▶ [ENTRIES SUPPLIED]:
* * * * * * *

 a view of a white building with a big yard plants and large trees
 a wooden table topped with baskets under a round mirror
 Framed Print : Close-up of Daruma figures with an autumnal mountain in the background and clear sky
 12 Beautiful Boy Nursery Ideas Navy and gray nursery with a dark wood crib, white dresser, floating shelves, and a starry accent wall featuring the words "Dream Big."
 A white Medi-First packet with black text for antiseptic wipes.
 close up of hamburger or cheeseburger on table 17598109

* * * * * * *

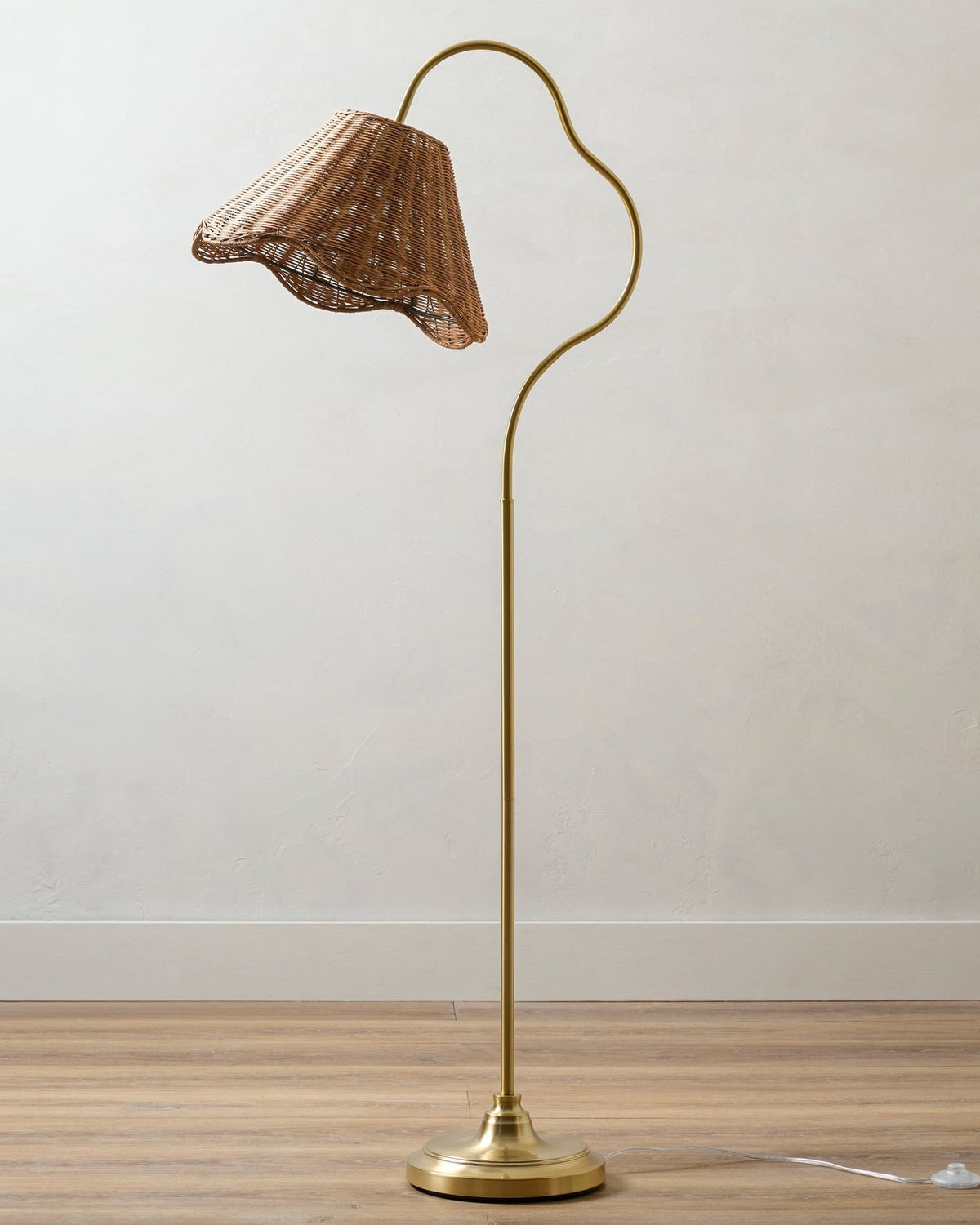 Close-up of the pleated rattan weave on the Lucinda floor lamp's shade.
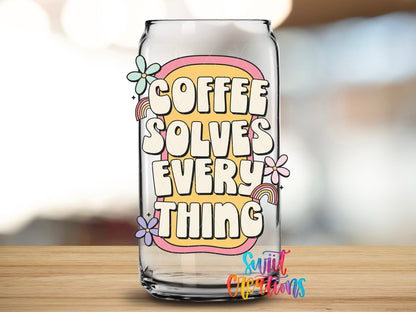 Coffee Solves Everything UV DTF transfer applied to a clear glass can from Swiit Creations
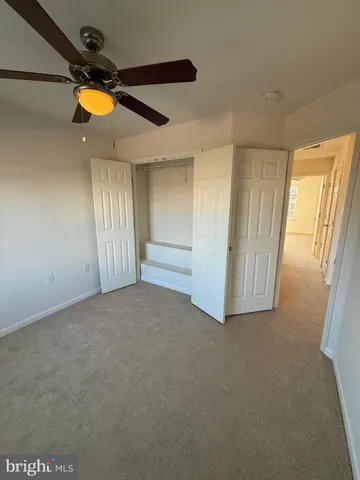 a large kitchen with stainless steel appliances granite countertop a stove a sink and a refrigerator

* * * * * * *

▶ [TASK TO COMPLETE]:
Please give again the lines above between the line holding "Framed Print : Close-up" and the line holding "A white Medi-First", inclusive, exactly as they are and with nothing added.

▶ [RESPONSE BOX]:
 Framed Print : Close-up of Daruma figures with an autumnal mountain in the background and clear sky
 12 Beautiful Boy Nursery Ideas Navy and gray nursery with a dark wood crib, white dresser, floating shelves, and a starry accent wall featuring the words "Dream Big."
 A white Medi-First packet with black text for antiseptic wipes.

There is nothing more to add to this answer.